Fenestration is regular and symmetrical with a variety of window and door openings. The main facade contains three tripartite round-arched window openings with one-over-one double-hung sash. Four of the building's arched openings, located in the flanking wings of the structure, contain wooden sliding doors paneled with diagonal siding. Rectangular paneled doors with segmentally arched transoms are located in each flanking wing in the northeast and southwest elevations. The depot's office contains segmentally arched nine-over-nine and six-over-six double hung wooden sash windows.
The general waiting room, 33' x 36', is located in the center of the rectangular main block.

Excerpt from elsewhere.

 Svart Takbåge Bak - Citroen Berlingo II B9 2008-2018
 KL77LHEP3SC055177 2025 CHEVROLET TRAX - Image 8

The walls and cove ceiling are made of painted plaster, as they are throughout the facility. The lower portions of the walls are delineated by chair rails and wainscoting. The interior wooden moldings, found around windows, doors, baseboards and arches, are made of oak and are intact. A lobby and ticket office are situated at the building's northwest end, next to the general waiting room, and the baggage room is located in the outer portion of the northwest end of the building.
Southeast of the general waiting room is a ladies' waiting room, a smoking room and restroom facilities. At the extreme southeast end of the building is the express office. The depot contains a hot water heating system and electrical lighting.
The interior of the depot is virtually intact with no major alterations. Some deterioration, primarily water damage, is evident due to the fact that the facility has been vacant for several years and needs basic maintenance. The depot is currently privately owned and is slated for restoration and adaptive reuse.